• _Dataset entries_:
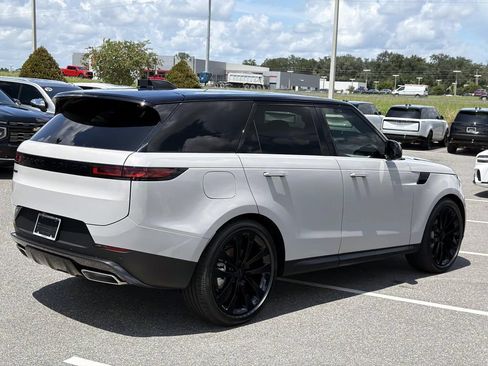 New 2026 Land Rover Range Rover Sport SE AWD/4WD image 5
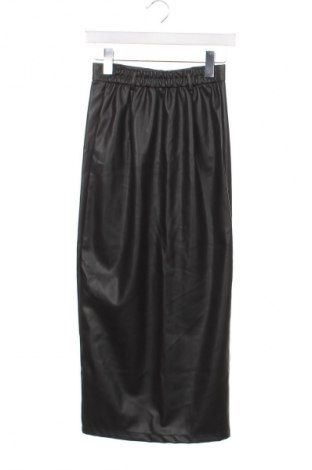 Пола Unbranded, Размер XS, Цвят Черен, Цена 23,18 лв.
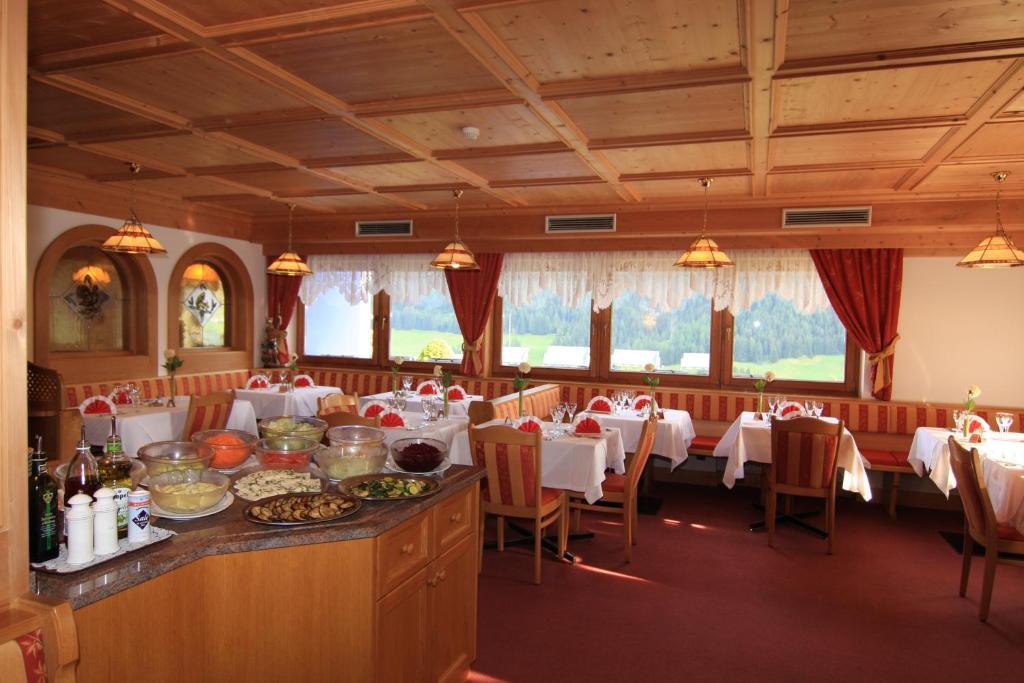 Hotel Talblick Ortisei Exterior foto
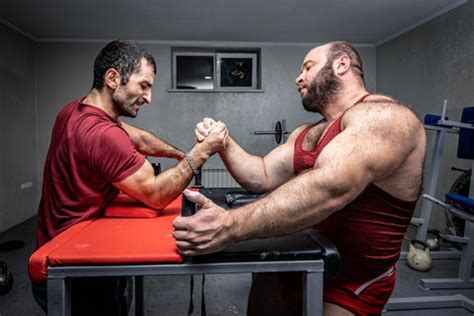 7 Ultra-Pro Tips On How To Win At Arm Wrestling – Gripzilla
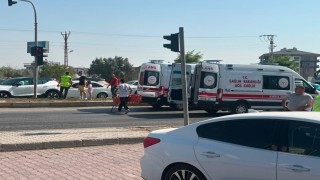 Karapınarda otomobiller çarpıştı: 2 yaralı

• _Work order_: Print out the whole listing word for word. Leave the pictures out.

• _Reply_:
 New 2026 Land Rover Range Rover Sport SE AWD/4WD image 5
 Пола Unbranded, Размер XS, Цвят Черен, Цена 23,18 лв.
 Hotel Talblick Ortisei Exterior foto
 7 Ultra-Pro Tips On How To Win At Arm Wrestling – Gripzilla
 Karapınarda otomobiller çarpıştı: 2 yaralı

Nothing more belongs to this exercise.